Tuesday, after losing Wilson, I waited for my wife and our dogs to go to sleep (They sleep with us.) and snuck out onto the porch for a few minutes. I needed time to grieve and let the tears out. I heard one bark at our door, then another. Polly, our gray miniature schnauzer had followed me and when I let her on the porch, she just sat beside me like she knew I needed some space. A little later, the door opened and out came her little sister who jumped in my lap to be petted. So much for sneaking out.
Am I animal crazy? I get and appreciate the relationships we can have with them.
Or am I just crazy? It has hurt to lose Wilson. But I’ve enjoyed him and our two dogs more than I can ever say. I think our animals are a gift from God and the relationships we have with them can help us know Him. After all He made them and He gives them to us and gave us Authority over them.

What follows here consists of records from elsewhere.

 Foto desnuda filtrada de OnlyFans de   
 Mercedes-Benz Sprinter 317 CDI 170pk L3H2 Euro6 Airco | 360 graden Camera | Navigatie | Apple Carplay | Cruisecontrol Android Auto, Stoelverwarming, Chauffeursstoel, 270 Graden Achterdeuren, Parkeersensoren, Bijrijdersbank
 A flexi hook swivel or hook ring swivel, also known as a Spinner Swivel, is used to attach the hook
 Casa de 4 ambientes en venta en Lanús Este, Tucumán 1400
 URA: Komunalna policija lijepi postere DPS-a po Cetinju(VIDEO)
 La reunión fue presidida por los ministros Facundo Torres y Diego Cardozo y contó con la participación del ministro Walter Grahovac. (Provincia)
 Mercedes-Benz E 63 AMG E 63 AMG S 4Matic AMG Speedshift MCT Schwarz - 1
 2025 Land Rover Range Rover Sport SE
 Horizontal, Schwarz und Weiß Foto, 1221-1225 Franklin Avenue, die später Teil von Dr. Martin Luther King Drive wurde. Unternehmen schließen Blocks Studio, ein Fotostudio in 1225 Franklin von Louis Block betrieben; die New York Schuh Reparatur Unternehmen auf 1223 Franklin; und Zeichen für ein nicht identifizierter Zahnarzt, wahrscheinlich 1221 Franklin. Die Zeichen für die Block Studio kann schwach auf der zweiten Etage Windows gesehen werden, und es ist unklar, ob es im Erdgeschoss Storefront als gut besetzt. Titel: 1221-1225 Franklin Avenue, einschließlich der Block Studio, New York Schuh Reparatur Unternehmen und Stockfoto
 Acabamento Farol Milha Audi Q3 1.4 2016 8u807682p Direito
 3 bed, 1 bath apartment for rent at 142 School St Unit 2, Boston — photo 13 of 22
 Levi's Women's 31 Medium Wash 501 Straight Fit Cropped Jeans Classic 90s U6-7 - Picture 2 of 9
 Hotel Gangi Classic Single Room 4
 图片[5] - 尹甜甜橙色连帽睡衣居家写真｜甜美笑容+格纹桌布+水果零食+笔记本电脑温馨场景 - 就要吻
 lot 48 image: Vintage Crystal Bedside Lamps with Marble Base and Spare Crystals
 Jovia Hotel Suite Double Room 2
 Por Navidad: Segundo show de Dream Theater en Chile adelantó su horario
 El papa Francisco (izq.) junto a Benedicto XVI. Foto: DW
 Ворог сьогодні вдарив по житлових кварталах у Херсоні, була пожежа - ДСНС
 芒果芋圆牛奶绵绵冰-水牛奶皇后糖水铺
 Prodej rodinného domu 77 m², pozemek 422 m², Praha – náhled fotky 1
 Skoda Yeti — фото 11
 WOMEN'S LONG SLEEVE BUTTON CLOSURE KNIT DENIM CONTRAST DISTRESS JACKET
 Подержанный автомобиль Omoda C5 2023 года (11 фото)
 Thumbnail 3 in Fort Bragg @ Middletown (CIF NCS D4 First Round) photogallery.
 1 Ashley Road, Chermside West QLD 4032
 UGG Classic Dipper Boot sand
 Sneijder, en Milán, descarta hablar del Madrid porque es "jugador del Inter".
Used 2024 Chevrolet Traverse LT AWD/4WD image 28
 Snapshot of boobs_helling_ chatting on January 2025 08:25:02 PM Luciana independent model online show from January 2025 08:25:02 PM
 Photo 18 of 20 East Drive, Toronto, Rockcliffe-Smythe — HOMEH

He also knows what we are going through and that our pets can help by being a source of unmerited love for us.
And if we choose to think of them as just dumb animals, that will cause us to lose so much, to be a little less. I prefer to look for the Jesus in them (God made them after all and they are also looking for His return {all creation}) and talk to them about Him. All creation will worship Him. Including Wilson’s little meow.
Wilson shaved
I’ve also learned some things about grieving. One, I can’t cry worth a flip. My face just scrooches up, my eyes close and water, and then I can’t breathe. You can’t do that for long. I can see how grief can kill someone with a weak heart.
Also, you can’t control it. It goes away then it comes back when you don’t expect it. I had learned that lesson before but forgot it.
If grieving is a part of love, it stinks, but love is so worth it. My cat and I had a great time. It was fun to search for him when he was able to get around. And to look down at his face when he sat on my chest. But not the tuna breath.
Third, as a writer, I have to leave myself open to feeling life so I can let my characters feel. Life can hurt, but also what joys and excitements it can give. God plans and controls all of this. He knows and loves each of us and it’s fun to discover Him a little more each day.
Even when it comes in a Wilson. Psalms 148.